# Wishing Everyone "A Very Happy Thanksgiving 2015"



## Troll Wizard (May 3, 2012)

_*Just wanted to wish everyone here at hauntforum, a very safe and wonderful Thanksgiving holiday!

Going to be heading out to be with family and won't be back until Sunday afternoon. So I just wanted to wish everyone a safe and happy holiday before leaving.

"Happy Thanksgiving 2015", Everyone be Safe!
*_


----------



## bobzilla (Nov 13, 2008)

Happy Thanksgiving!


----------



## Pumpkin5 (Aug 8, 2010)

:jol:Happy Thanksgiving to everyone!


----------



## RoxyBlue (Oct 6, 2008)

Happy Thanksgiving, HauntForum peeps!


----------



## Hairazor (Mar 13, 2012)

Happy Thanksgiving to all and:


----------



## The Halloween Lady (Aug 18, 2010)




----------



## Death's Door (Mar 22, 2006)

Happy Thanksgiving everyone!!!! Isn't it nice to know that everything you eat on Thanksgiving day and Friday is calorie free!


----------



## Copchick (Apr 10, 2012)

Don't know if I'll be on for the next day or two, so I want to wish everyone a safe and happy Thanksgiving.

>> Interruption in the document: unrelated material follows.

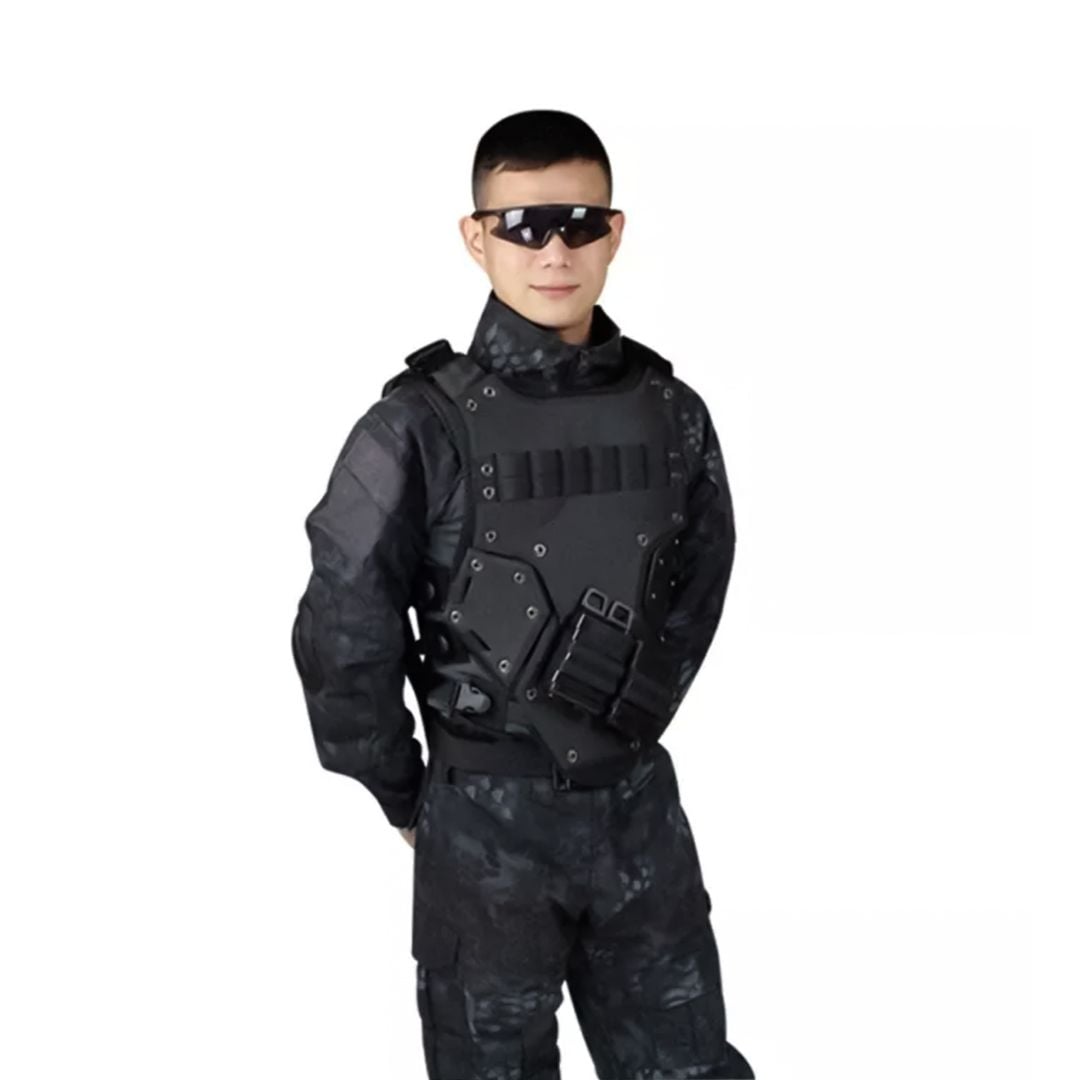 Adventure And Safari Vest product thumbnail 5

Sound off peeps...what are you thankful for? I am thankful for my mom. Because of her, I am the person I am today. She raised me on her own and did a fine job.


----------



## Spooky1 (Aug 25, 2008)




----------



## RoxyBlue (Oct 6, 2008)

Copchick said:


> Sound off peeps...what are you thankful for? I am thankful for my mom. Because of her, I am the person I am today. She raised me on her own and did a fine job


I'm thankful for the blessing of a wonderful husband and family


----------



## mikkojay (Sep 15, 2014)

Happy Thanksgiving all! And Spooky1, I am sooo stealing that granny brain pic!
Thanks, Mike


----------



## scareme (Aug 29, 2006)




----------



## scareme (Aug 29, 2006)

Copchick said:


> Don't know if I'll be on for the next day or two, so I want to wish everyone a safe and happy Thanksgiving.
> 
> Sound off peeps...what are you thankful for? I am thankful for my mom. Because of her, I am the person I am today. She raised me on her own and did a fine job.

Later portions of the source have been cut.